Süddeutsche Zeitung

YouTube als Karrierekiller:Was guckst du?

Ablenkung mit Folgen: Ein australischer Investmentbanker hat kurzzeitig mal Lust auf andere Kurven - dumm nur, dass live aus seinem Büro gesendet wird.

Martin Zips

Dass sich jetzt die ganze Welt für die traurige Episode aus dem Leben des bislang gänzlich unbekannten Australiers David Kiely interessiert, ist absolut verständlich. Schließlich verweist der Fall auf eines der ältesten Probleme der Menschheit, das Körper-Geist-Problem, welches von Plato bis hin zu Kant schon allerlei Denker beschäftigt hat.

David Kiely ist Anlageberater bei der Macquarie Bank in Sydney. Während der Bürozeiten darf sein Arbeitgeber von ihm zu Recht volle körperliche und geistige Anwesenheit erwarten. Die Deutung mathematischer Kurven ist etwas, das von niemandem leichtfertig betrieben werden sollte!

Um so schlimmer wiegt es, dass Kielys Geist am Arbeitsplatz nun offenbar von der Körperlichkeit überrumpelt wurde. Über das Internet weltweit verbreitete Fernsehbilder eines australischen Senders belegen, dass der Mann im Großraumbüro seiner Bank gleich mehrere Fotos einer dürftig bekleideten Dame auf seinem Rechner betrachtet hat.

Der Investmentbanker hatte dabei wohl vergessen, dass wieder einer dieser TV-Finanzplapperer mit einem Mikrofon hinter ihm stand, um live von steigenden und fallenden Zinsen zu berichten.

Kiely wähnte sich unbeobachtet und widmete sich den Kurven des australischen Models Miranda Kerr, 27. Diese dürfte sich über das weltweite Interesse an dem Vorfall nun weitaus mehr freuen als Investmentbanker Kiely. Während der TV-Übertragung nämlich hatte dieser sich blöderweise umgedreht, war damit also von Freunden und Kollegen zu identifizieren.

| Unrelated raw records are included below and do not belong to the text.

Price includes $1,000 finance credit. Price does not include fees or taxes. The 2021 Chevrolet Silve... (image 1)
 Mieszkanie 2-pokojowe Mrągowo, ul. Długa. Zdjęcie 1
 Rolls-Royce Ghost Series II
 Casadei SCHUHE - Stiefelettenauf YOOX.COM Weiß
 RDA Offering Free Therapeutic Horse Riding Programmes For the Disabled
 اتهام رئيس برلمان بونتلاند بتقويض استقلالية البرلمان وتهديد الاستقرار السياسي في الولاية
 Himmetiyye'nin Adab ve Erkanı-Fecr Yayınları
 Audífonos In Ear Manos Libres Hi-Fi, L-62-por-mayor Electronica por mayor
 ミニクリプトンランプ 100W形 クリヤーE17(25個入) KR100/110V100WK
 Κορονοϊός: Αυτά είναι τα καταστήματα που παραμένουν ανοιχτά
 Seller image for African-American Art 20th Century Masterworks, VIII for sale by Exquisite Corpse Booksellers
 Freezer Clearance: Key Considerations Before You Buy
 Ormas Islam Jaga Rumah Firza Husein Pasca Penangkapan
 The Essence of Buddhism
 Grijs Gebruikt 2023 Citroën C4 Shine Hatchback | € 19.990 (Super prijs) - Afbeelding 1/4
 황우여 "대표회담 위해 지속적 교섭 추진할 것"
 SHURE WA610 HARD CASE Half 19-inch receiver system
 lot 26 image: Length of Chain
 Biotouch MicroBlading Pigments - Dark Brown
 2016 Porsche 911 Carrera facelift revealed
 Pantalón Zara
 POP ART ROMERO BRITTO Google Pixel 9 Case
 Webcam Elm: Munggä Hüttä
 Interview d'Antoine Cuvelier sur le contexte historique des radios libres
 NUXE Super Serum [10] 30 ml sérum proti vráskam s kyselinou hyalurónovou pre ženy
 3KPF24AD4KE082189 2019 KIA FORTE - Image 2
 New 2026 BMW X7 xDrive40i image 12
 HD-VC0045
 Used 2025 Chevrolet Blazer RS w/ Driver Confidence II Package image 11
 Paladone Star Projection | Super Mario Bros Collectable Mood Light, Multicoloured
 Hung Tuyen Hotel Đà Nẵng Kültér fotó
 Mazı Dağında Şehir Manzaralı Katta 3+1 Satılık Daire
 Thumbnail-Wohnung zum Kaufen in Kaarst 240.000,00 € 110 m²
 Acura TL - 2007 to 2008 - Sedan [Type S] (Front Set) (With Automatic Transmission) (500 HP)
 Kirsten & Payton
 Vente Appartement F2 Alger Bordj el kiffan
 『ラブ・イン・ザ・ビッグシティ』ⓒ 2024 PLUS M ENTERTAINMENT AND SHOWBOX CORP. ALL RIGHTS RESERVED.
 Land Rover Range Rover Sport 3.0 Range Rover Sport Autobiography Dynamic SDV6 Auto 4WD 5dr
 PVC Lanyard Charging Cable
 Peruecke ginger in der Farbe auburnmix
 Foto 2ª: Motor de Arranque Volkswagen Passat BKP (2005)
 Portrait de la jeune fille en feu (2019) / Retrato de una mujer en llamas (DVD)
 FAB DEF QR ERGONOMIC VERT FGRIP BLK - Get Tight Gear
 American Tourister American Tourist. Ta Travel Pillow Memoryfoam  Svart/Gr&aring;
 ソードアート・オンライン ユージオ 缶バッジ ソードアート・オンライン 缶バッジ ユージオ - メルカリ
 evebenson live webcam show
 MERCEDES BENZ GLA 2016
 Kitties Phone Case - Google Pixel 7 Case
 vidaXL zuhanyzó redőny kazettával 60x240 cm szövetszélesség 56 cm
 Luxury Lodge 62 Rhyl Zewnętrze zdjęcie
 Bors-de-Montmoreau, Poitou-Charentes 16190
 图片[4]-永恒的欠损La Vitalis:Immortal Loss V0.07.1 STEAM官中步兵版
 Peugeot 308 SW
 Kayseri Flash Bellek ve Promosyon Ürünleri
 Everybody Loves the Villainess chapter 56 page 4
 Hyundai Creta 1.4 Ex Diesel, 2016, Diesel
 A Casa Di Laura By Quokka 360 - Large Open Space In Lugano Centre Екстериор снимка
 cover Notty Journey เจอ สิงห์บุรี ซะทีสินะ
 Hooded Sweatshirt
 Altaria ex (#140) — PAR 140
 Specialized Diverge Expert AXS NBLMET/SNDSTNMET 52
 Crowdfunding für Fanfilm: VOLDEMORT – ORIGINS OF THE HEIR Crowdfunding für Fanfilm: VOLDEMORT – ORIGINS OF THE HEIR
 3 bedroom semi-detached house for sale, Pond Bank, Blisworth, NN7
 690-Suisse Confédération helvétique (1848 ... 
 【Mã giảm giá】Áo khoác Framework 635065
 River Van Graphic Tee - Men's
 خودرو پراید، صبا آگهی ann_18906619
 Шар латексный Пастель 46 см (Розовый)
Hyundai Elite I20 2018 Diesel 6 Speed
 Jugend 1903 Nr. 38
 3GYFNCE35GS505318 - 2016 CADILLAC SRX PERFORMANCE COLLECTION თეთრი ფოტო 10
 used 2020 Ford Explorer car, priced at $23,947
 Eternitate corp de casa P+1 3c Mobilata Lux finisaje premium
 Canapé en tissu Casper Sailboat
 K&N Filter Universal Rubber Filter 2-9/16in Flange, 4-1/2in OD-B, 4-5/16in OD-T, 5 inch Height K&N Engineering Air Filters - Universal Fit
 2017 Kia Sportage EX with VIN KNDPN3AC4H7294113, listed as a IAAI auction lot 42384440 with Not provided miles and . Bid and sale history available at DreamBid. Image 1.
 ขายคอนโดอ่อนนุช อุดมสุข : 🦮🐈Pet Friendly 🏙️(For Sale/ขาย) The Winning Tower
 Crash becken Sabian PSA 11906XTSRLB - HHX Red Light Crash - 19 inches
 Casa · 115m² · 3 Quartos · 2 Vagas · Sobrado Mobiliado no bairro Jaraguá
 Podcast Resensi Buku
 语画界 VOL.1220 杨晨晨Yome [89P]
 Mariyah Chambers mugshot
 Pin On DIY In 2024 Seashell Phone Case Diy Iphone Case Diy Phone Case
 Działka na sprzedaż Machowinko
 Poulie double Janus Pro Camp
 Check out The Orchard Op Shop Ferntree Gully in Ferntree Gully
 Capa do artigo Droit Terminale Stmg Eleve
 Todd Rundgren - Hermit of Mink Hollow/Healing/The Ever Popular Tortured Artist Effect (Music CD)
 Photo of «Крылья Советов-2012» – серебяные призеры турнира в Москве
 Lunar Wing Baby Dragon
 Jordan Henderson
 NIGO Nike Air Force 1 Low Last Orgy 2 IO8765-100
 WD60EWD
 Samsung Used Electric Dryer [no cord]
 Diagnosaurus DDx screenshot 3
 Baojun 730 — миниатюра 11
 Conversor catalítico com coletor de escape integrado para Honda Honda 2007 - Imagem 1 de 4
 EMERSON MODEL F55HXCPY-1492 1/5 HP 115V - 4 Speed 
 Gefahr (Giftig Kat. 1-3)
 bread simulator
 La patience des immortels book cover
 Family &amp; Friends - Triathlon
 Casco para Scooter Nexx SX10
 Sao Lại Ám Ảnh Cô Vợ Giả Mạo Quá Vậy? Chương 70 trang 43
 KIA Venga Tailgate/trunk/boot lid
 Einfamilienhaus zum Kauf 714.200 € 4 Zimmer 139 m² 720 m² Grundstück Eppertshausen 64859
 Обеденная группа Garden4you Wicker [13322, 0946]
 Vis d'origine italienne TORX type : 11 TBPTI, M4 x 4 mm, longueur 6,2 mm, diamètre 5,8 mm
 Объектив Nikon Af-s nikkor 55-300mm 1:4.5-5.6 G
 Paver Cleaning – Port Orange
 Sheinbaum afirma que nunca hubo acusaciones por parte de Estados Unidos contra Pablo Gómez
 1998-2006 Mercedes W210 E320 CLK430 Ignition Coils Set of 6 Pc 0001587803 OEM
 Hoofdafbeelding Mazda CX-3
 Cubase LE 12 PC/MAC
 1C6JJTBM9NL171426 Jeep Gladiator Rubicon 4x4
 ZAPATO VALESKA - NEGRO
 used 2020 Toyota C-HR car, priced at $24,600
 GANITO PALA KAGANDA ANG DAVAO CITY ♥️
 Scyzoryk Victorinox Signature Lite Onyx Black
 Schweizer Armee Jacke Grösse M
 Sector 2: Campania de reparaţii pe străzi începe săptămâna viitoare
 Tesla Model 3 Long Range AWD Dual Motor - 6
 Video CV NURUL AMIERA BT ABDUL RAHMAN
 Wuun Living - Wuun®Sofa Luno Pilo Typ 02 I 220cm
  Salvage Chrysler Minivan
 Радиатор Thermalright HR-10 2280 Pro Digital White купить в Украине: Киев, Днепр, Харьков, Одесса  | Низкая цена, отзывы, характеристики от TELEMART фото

Ist Kiely ein Mobbingopfer?

Sein Arbeitgeber prüft jetzt den "sehr ernsten Vorgang" und erinnerte seine Angestellten daran, dass für die Nutzung hauseigener Computer strenge Vorschriften gelten. Betriebswirte sprechen hier von "Compliance", also der Einhaltung klarer, auch moralischer Regeln zum Wohle der Firma.

Kiely kann sich jetzt höchstens noch darauf herausreden, dass ihm die Bilder von anderer Stelle übermittelt wurden. In Dateien, deren Brisanz ihm erst nach dem Öffnen offenbar wurde. Ist Kiely ein Mobbingopfer? Hat sich ein ekelhafter E-Mail-Verfasser einen Spaß daraus gemacht, ihm aufreizende Bilder zu schicken? Dank modernster Technologien haben Denunzianten heute ja ein allzu leichtes Spiel.

"Das, was der Seele durch die Sinne zukommt", betonte bereits Descartes in seinem Traktat "Die Leidenschaften der Seele" von 1649, "bewegt sie viel stärker als das, was ihr durch die Vernunft vorgestellt wird". Scharping, Berlusconi, Woods - vielen wurde das zum Verhängnis. Andererseits: So ein Investmentbanker hat es in seinem Großraumbüro ja auch nicht leicht. Tag für Tag immer nur Zahlen, Zahlen, Zahlen. Wo bleibt da der Mensch?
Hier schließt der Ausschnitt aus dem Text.